>>>

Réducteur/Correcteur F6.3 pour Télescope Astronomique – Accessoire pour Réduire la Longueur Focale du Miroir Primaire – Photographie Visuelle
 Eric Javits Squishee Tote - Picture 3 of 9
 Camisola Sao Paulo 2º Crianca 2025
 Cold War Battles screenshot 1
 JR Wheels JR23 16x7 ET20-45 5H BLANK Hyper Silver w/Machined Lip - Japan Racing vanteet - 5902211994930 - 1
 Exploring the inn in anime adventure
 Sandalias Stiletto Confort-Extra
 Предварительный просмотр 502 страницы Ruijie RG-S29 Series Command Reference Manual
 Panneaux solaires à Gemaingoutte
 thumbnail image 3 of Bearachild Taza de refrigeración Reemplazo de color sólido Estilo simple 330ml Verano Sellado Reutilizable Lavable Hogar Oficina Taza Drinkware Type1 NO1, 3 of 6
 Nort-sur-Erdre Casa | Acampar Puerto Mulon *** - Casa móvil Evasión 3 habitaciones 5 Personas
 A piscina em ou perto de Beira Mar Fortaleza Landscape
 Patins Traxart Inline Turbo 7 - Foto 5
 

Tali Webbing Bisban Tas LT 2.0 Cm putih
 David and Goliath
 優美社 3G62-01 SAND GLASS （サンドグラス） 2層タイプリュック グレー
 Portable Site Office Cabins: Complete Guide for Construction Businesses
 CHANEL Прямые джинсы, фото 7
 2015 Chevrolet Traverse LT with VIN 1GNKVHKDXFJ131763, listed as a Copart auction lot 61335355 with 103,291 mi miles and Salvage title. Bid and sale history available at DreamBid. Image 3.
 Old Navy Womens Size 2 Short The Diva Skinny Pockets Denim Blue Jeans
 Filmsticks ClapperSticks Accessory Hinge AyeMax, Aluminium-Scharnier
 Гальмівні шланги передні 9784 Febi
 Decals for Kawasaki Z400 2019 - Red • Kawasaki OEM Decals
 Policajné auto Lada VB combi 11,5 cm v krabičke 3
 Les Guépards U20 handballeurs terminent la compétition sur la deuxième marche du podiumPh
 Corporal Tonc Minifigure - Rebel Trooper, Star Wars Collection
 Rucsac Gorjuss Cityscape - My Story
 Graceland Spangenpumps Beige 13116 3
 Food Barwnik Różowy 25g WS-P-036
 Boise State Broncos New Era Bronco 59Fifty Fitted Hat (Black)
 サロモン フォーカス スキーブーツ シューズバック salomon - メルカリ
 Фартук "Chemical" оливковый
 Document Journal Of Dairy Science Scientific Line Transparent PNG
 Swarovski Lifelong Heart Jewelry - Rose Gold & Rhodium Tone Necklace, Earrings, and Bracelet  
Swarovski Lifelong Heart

<<<

# INSTRUCTIONS FOR THE TASK:
Scan the lines above for the word "Lifelong". Return each one that has it.

# RESPONSE TO THE TASK:
 Swarovski Lifelong Heart Jewelry - Rose Gold & Rhodium Tone Necklace, Earrings, and Bracelet  
Swarovski Lifelong Heart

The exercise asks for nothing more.